▶ [INSTRUCTIONS FOR THE TASK] The answer must consist solely of the lines from the one with "Cocker Spaniel (Working &amp; Show) - Both" through the last line of the data, copied exactly, with no pictures.

*** TASK MATERIAL ***

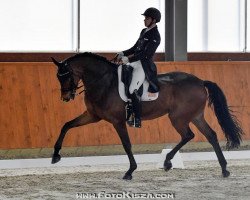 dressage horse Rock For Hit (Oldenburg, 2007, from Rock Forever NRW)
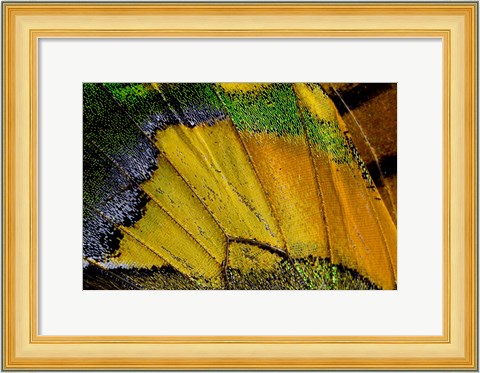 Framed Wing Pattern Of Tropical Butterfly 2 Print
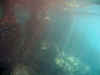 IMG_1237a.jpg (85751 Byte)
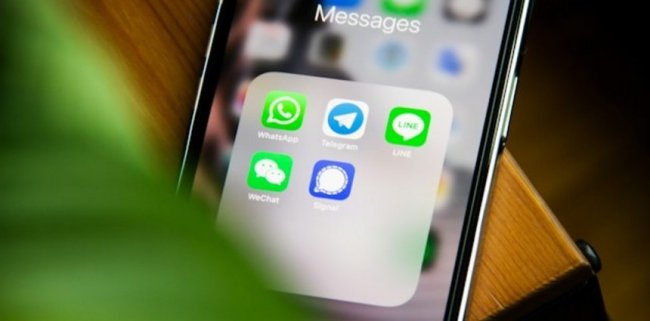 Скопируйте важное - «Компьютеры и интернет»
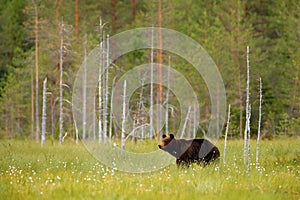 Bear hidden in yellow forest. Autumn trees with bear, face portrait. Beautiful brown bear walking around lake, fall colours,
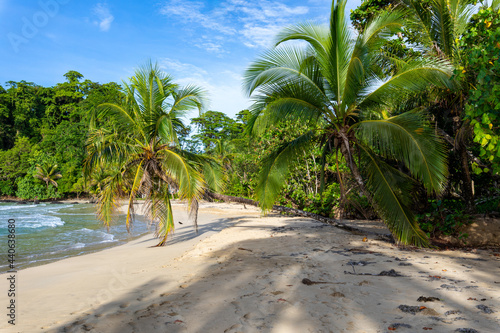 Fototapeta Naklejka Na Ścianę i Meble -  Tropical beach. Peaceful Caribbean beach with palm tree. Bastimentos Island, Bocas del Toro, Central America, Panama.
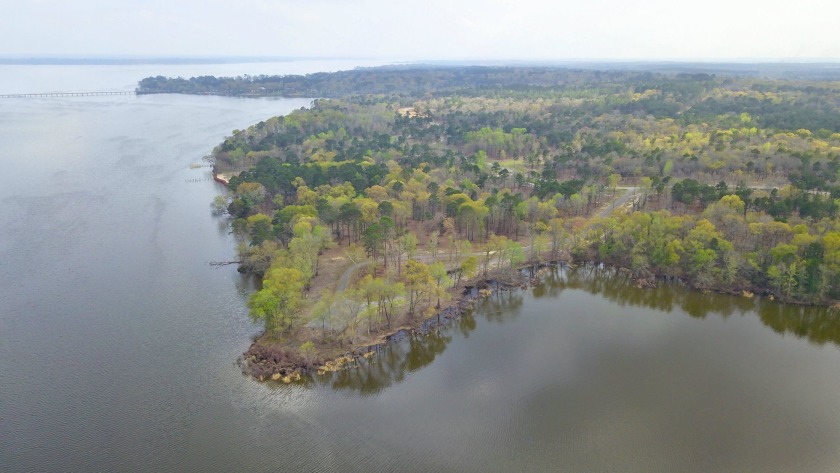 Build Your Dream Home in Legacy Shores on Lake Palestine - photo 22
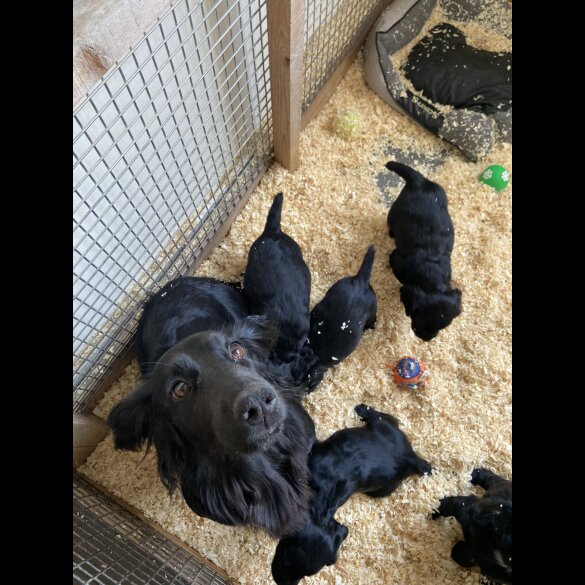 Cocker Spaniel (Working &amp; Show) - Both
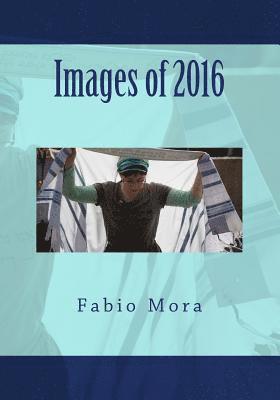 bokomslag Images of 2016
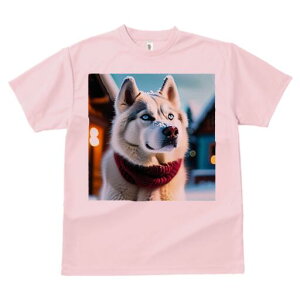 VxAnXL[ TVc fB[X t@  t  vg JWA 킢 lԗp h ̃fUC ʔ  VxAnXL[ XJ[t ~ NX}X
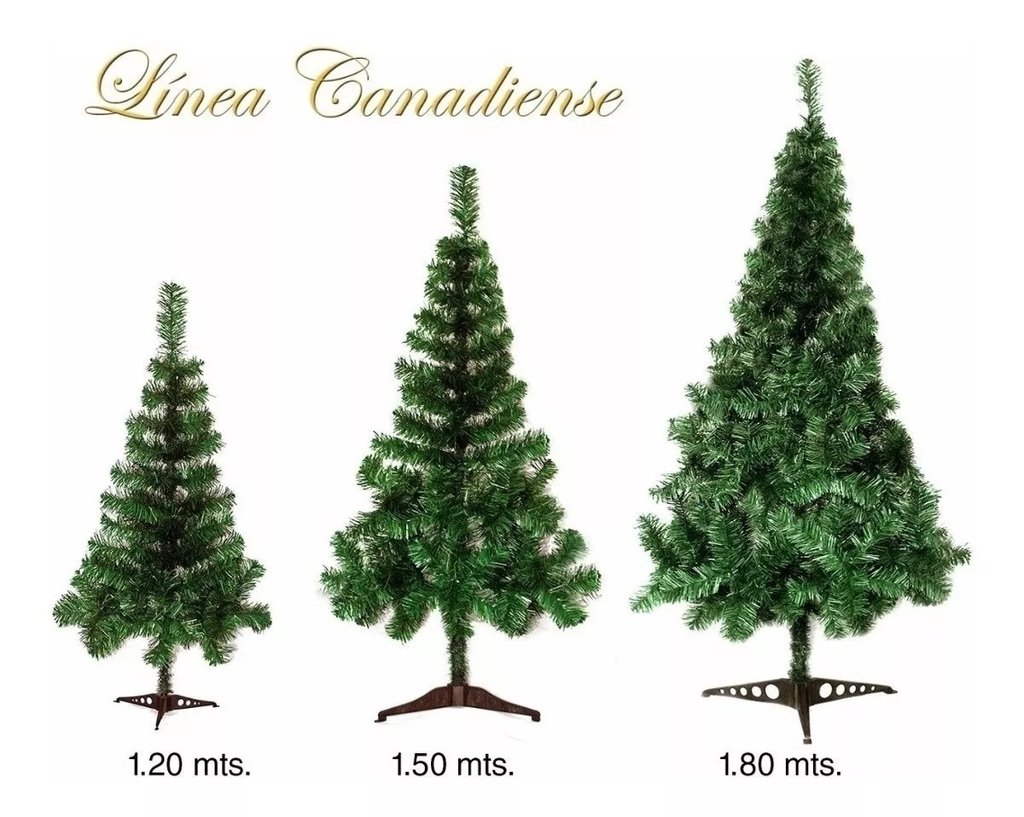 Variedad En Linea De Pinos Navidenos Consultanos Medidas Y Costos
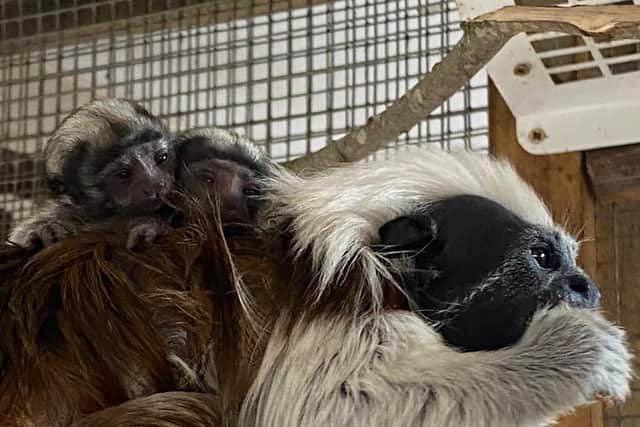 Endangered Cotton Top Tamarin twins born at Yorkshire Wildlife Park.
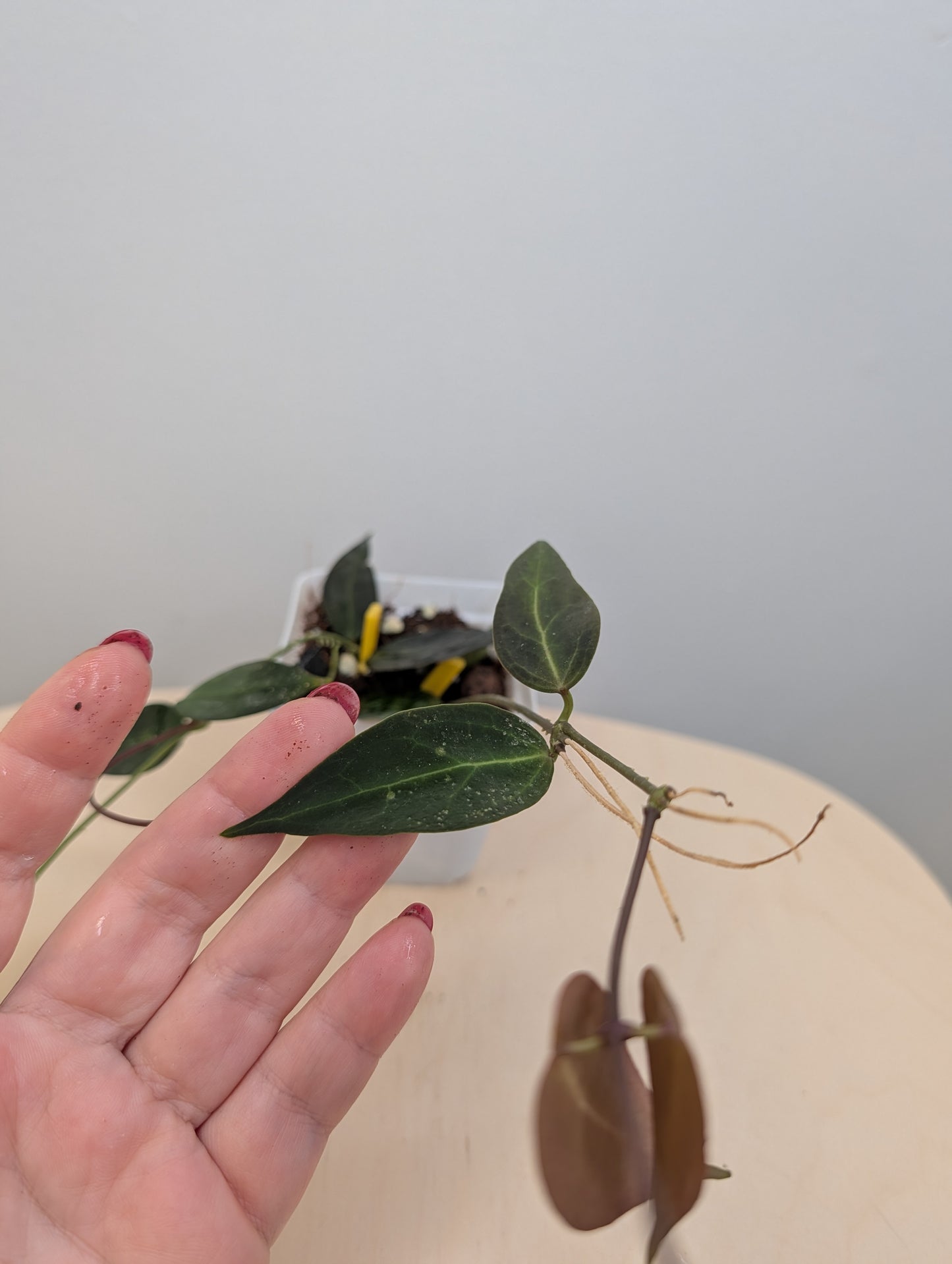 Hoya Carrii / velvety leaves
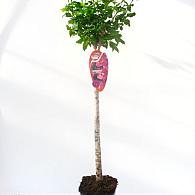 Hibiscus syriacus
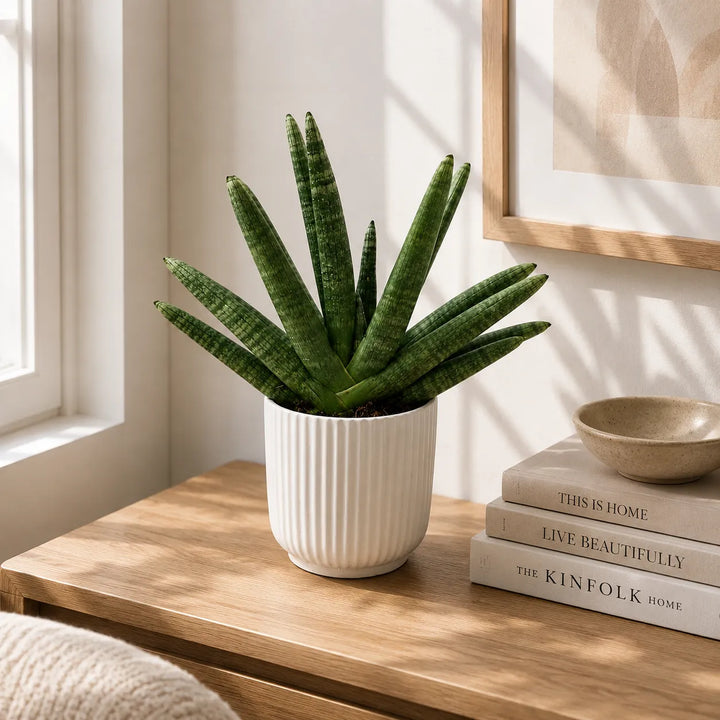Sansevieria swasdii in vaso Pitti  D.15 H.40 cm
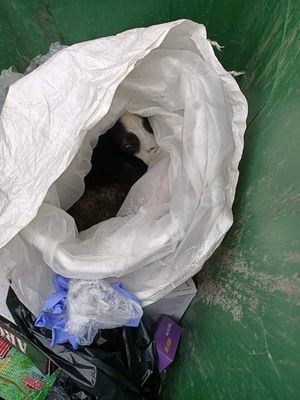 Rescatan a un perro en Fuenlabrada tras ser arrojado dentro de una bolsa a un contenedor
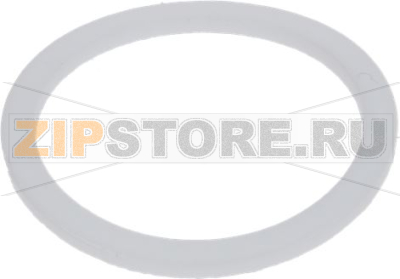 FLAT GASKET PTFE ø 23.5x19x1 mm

*** End of TASK MATERIAL ***

▶ [YOUR SOLUTION]
 Cocker Spaniel (Working &amp; Show) - Both
 bokomslag Images of 2016
 VxAnXL[ TVc fB[X t@  t  vg JWA 킢 lԗp h ̃fUC ʔ  VxAnXL[ XJ[t ~ NX}X
 Variedad En Linea De Pinos Navidenos Consultanos Medidas Y Costos
 Endangered Cotton Top Tamarin twins born at Yorkshire Wildlife Park.
 Hoya Carrii / velvety leaves
 Hibiscus syriacus
Sansevieria swasdii in vaso Pitti  D.15 H.40 cm
 Rescatan a un perro en Fuenlabrada tras ser arrojado dentro de una bolsa a un contenedor
 FLAT GASKET PTFE ø 23.5x19x1 mm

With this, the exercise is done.